» ASSIGNMENT:
Begin with the line below holding "The position reset" and go on through the line holding "The mass airflow sensor feedback is very", duplicating each line exactly and leaving out pictures.

» SUPPLIED INFORMATION:
_ _ _ _ _
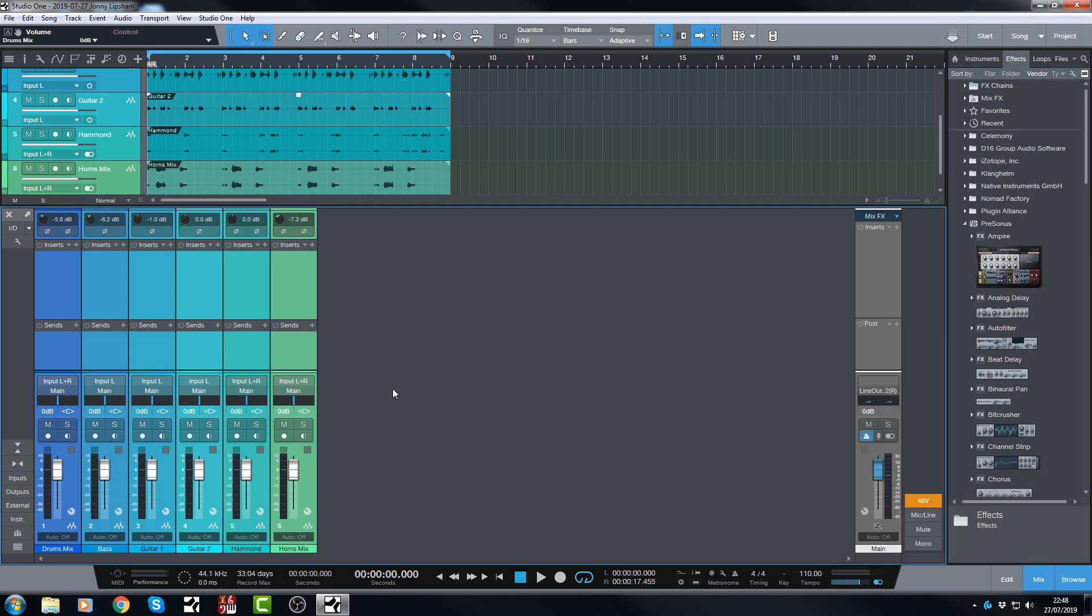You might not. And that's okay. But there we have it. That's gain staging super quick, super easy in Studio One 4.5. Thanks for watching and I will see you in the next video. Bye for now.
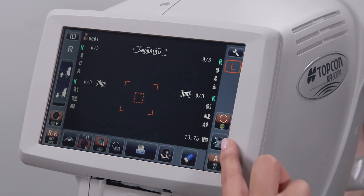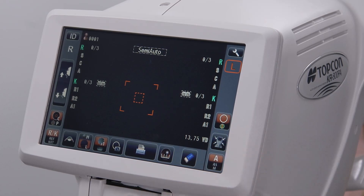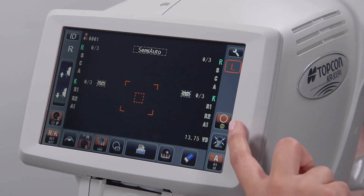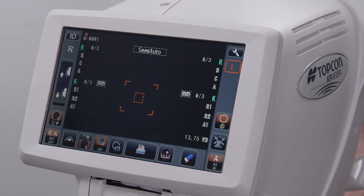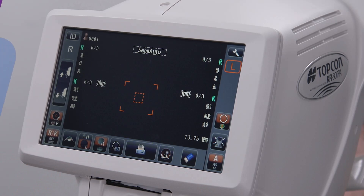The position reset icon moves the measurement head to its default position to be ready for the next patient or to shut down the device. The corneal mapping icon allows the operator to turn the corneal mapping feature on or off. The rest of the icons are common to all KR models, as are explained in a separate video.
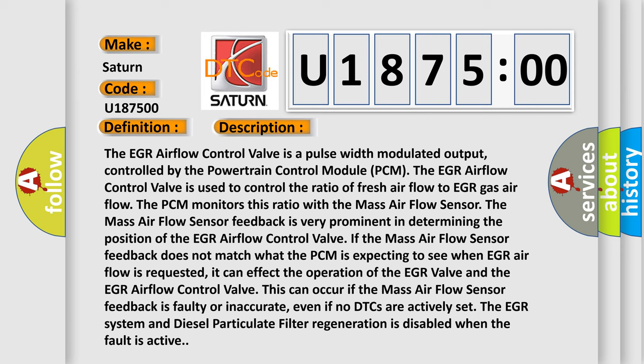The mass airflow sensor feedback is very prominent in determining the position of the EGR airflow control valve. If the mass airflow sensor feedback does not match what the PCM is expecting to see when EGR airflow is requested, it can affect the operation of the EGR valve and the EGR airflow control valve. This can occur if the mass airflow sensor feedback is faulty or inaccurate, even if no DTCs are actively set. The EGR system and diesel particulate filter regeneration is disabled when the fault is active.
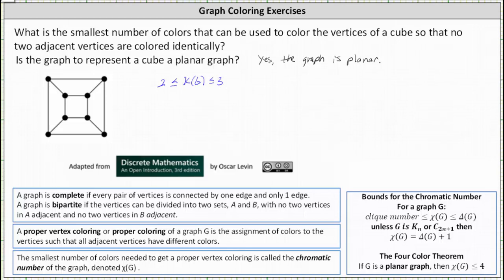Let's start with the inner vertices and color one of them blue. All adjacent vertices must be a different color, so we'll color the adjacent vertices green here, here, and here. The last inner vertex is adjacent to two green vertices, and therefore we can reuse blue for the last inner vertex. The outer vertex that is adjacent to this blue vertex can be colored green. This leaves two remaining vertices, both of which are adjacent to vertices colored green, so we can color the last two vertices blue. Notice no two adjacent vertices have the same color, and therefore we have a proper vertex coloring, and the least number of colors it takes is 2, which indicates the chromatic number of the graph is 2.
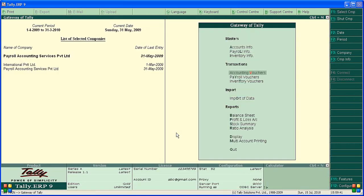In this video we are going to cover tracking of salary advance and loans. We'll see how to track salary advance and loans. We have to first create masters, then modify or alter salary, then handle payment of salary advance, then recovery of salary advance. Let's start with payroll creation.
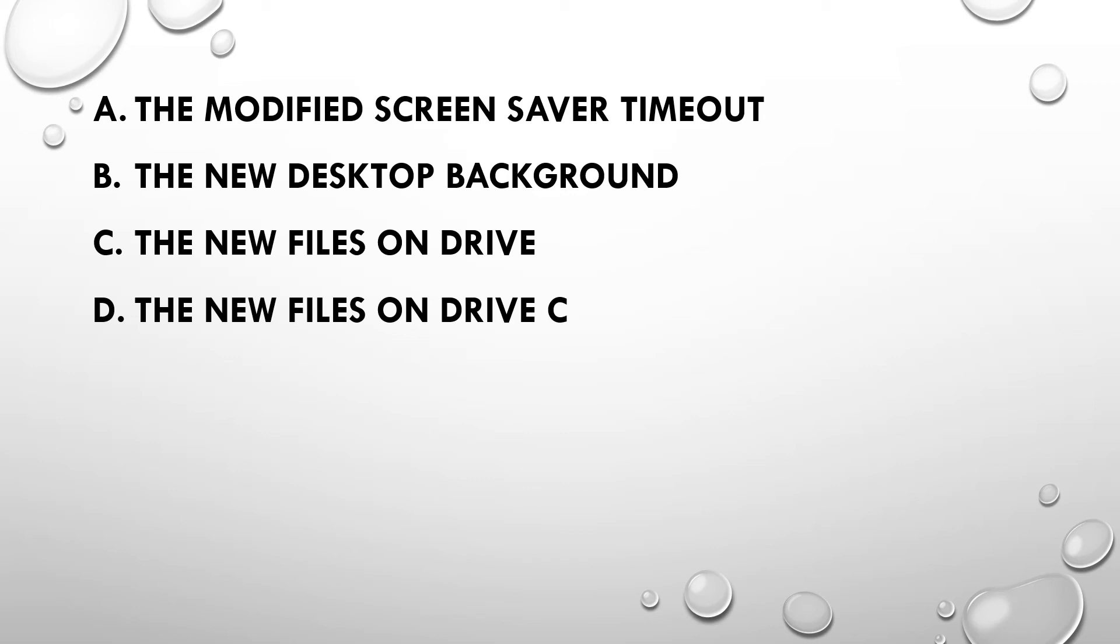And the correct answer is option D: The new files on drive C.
_ _ _ _ _
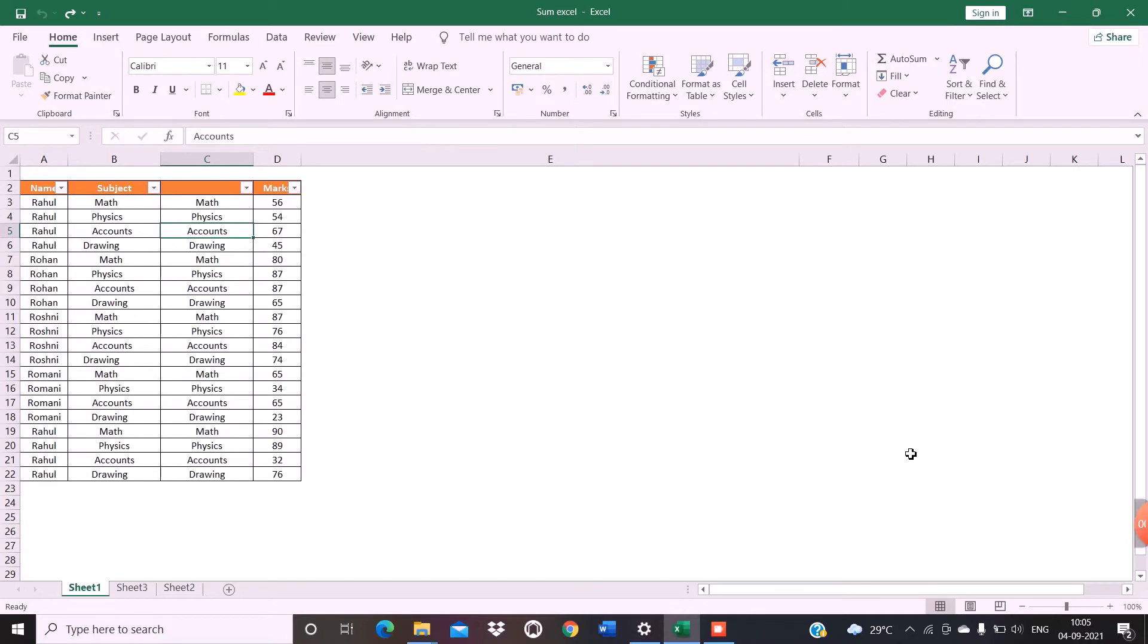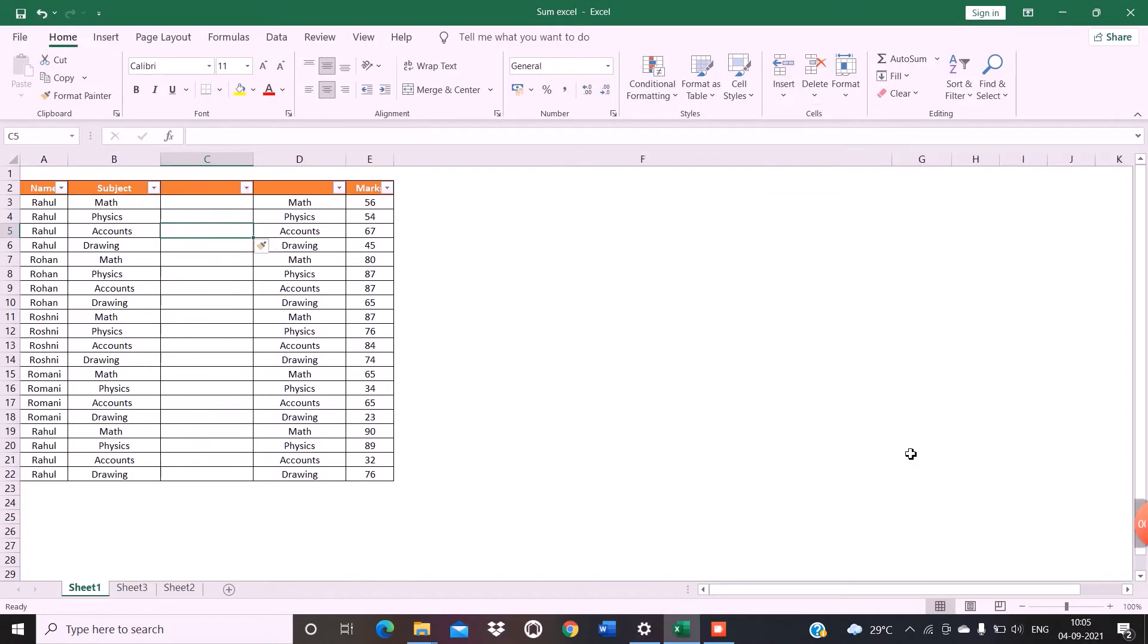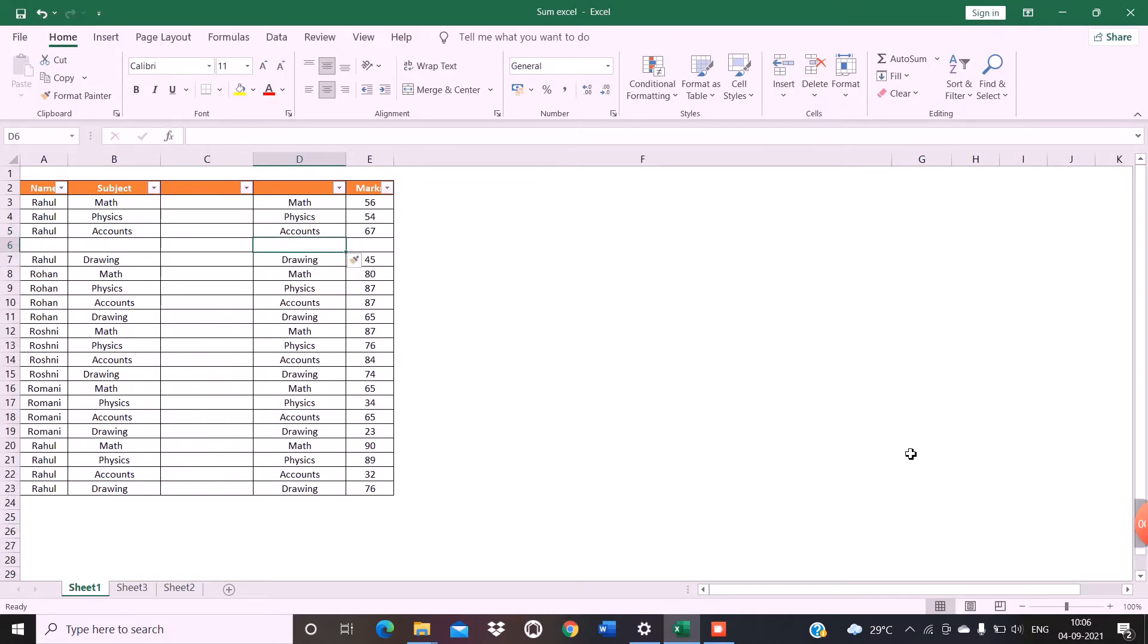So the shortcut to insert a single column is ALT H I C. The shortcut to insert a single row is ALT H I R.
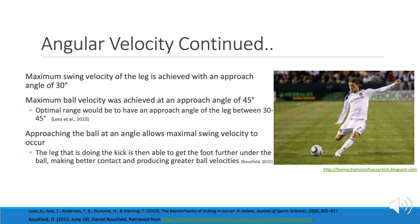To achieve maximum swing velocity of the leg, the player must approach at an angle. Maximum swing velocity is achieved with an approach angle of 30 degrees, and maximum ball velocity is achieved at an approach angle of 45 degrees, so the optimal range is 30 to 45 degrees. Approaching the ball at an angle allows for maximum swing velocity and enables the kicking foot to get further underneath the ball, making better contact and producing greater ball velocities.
_ _ _ _ _
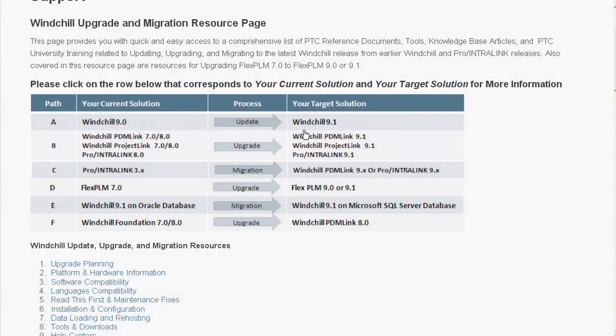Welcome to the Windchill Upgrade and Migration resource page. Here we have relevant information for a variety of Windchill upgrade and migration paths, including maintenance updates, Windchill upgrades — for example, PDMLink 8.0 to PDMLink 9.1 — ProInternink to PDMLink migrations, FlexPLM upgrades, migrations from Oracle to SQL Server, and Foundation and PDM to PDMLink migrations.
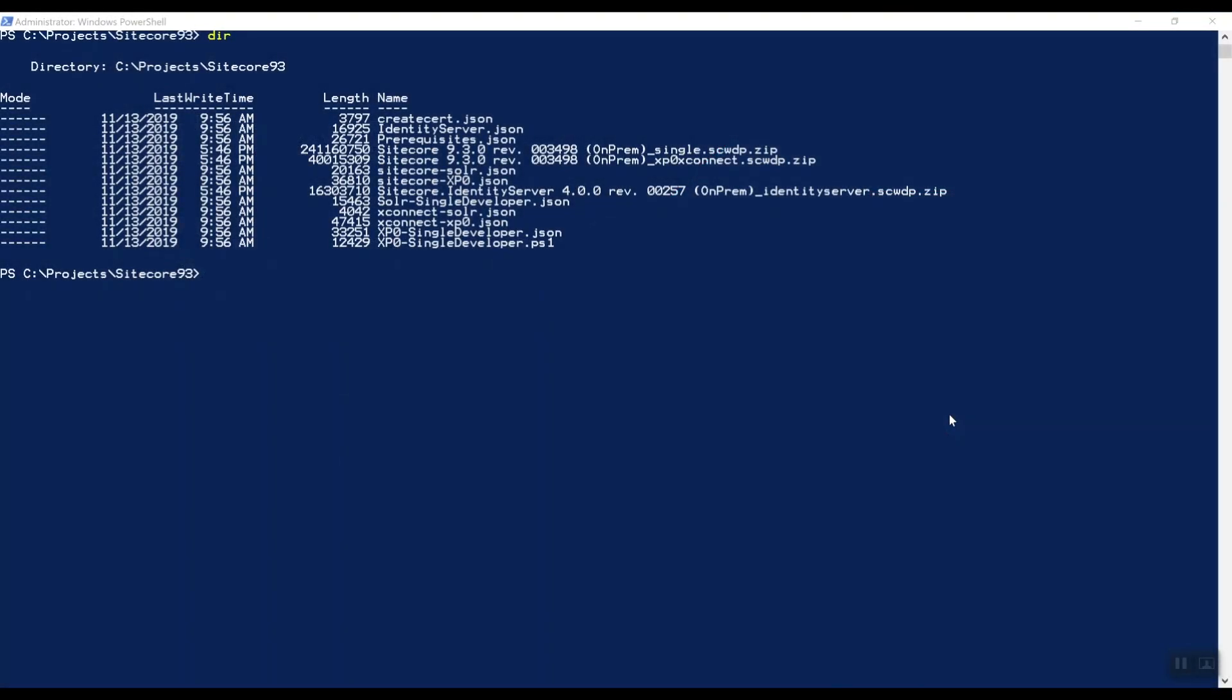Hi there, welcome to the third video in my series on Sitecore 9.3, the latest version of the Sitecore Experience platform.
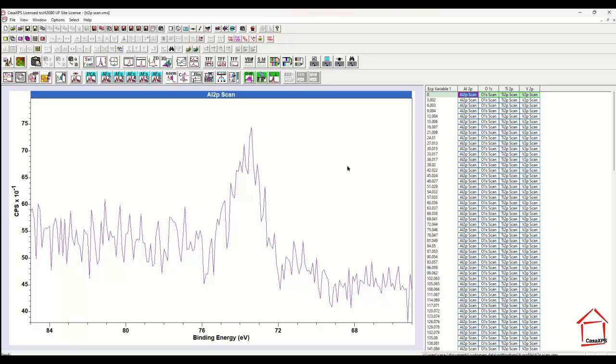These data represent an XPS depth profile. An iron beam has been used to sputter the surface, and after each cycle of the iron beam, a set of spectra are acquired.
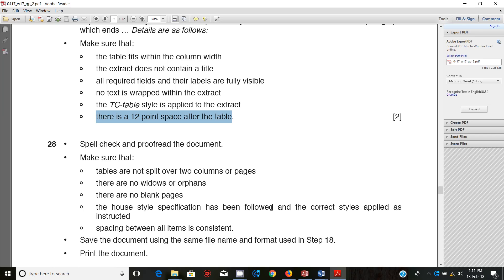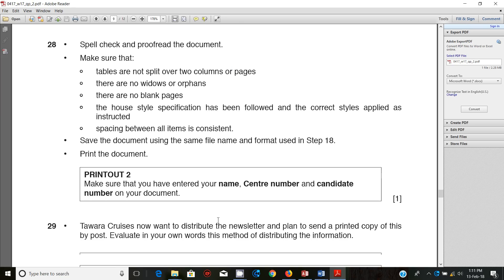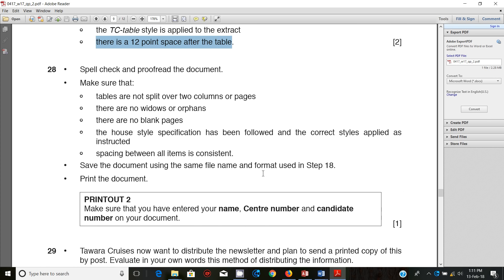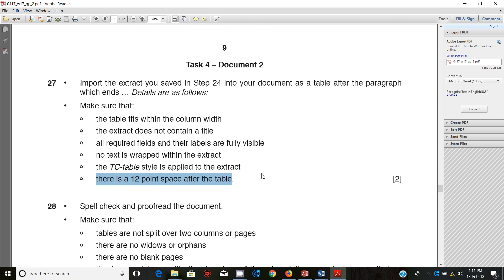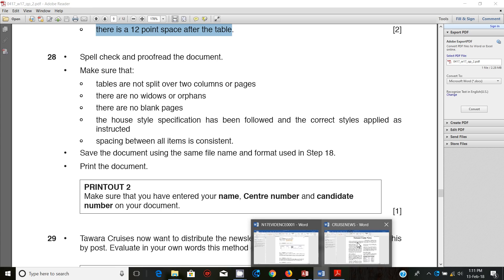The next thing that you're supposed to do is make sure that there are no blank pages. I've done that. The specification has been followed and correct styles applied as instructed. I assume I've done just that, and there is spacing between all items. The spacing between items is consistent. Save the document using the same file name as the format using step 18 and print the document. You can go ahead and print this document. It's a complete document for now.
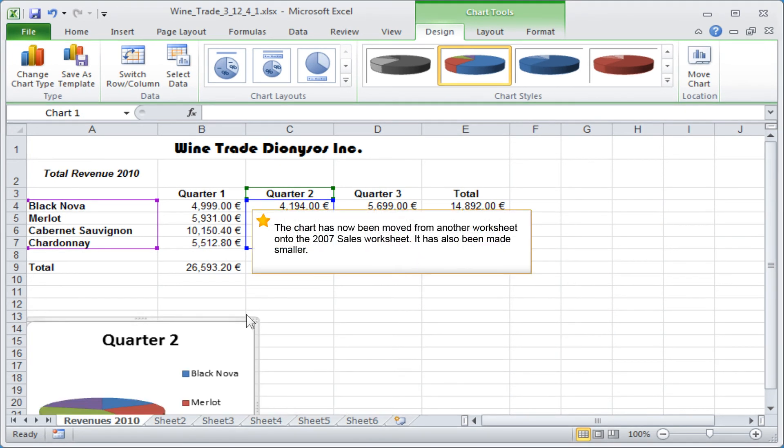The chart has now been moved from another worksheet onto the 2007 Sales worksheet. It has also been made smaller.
_ _ _ _ _
» ANSWER TO THE PROBLEM:
The position reset icon moves the measurement head to its default position to be ready for the next patient or to shut down the device. The corneal mapping icon allows the operator to turn the corneal mapping feature on or off. The rest of the icons are common to all KR models, as are explained in a separate video.
The mass airflow sensor feedback is very prominent in determining the position of the EGR airflow control valve. If the mass airflow sensor feedback does not match what the PCM is expecting to see when EGR airflow is requested, it can affect the operation of the EGR valve and the EGR airflow control valve. This can occur if the mass airflow sensor feedback is faulty or inaccurate, even if no DTCs are actively set. The EGR system and diesel particulate filter regeneration is disabled when the fault is active.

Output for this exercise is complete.